Monday, April 30, 2012

Radio Interviews

I'm now back at home after doing my second radio interview about Grimhilda! in a week.  The first was with Owen Rooney last Thursday morning - the day before Grimhilda! opened.   The second was earlier tonight, with Donald Saville-Cook.  It took place in exactly the same studio, at Radio Dunedin.  I've learned a bit about Radio Dunedin over the last week or so; it's always good to know more about your local community.

To my surprise, I've found both the interviews quite enjoyable, and I was a lot more relaxed than I thought I'd be.  It helped that I was talking about something which I'm thoroughly familiar with.  If I'd been working on a subject about which I knew a great deal less, things might have been different...
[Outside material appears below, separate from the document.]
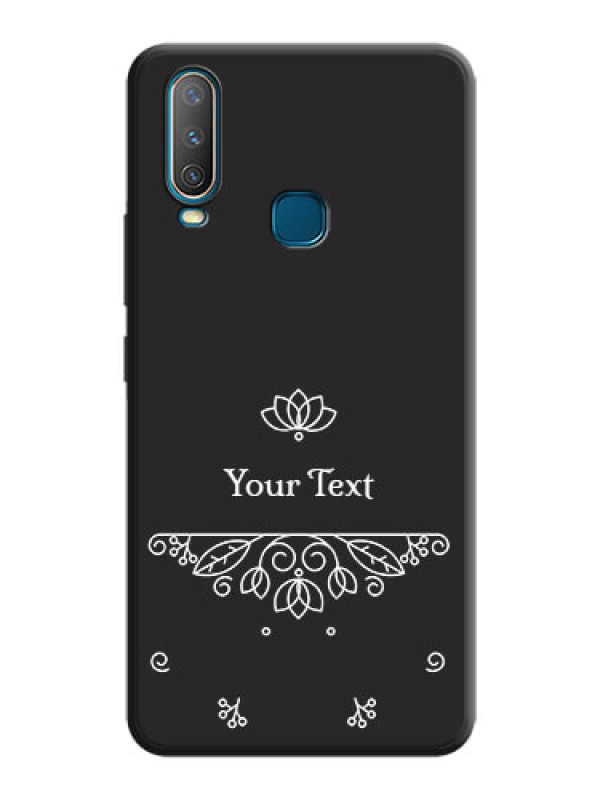 Custom Lotus Garden Custom Text On Space Black Personalized Soft Matte Phone Covers -Vivo U10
On a totally different tack, I've been looking on my computer for something relating to a motorcycle helmet.  Surprisingly there's very little there.  A comment about purchasing Zen and the Art of Motorcycle Maintenance while we were in England in 2007 - I never actually read more than a few chapters before I gave it up as taking itself too seriously for its own good, and sold it on Trade Me.  It's a very popular book, but I wonder how many people actually get all the way through it - a bit like War and Peace in that sense!

One other reference was to an incident in Barcelona - this was in the same year, 2007.  I was wandering back to the place we were staying in when I sort of got caught up in a piece of moviemaking.  The film crew were filming a supposed robbery in which the robbers got away on a motorcycle.  The driver of the motorcycle had a helmet with horns on it for some reason.  Every time they filmed the robber running out of the building with the loot and getting away on the bike, the two of them had to go right round the block to get back again, because they were being filmed in a one-way street.  Not only that there was a cameraman on the back of a second bike, and of course they had to go round the block as well.  Such are the joys of moviemaking.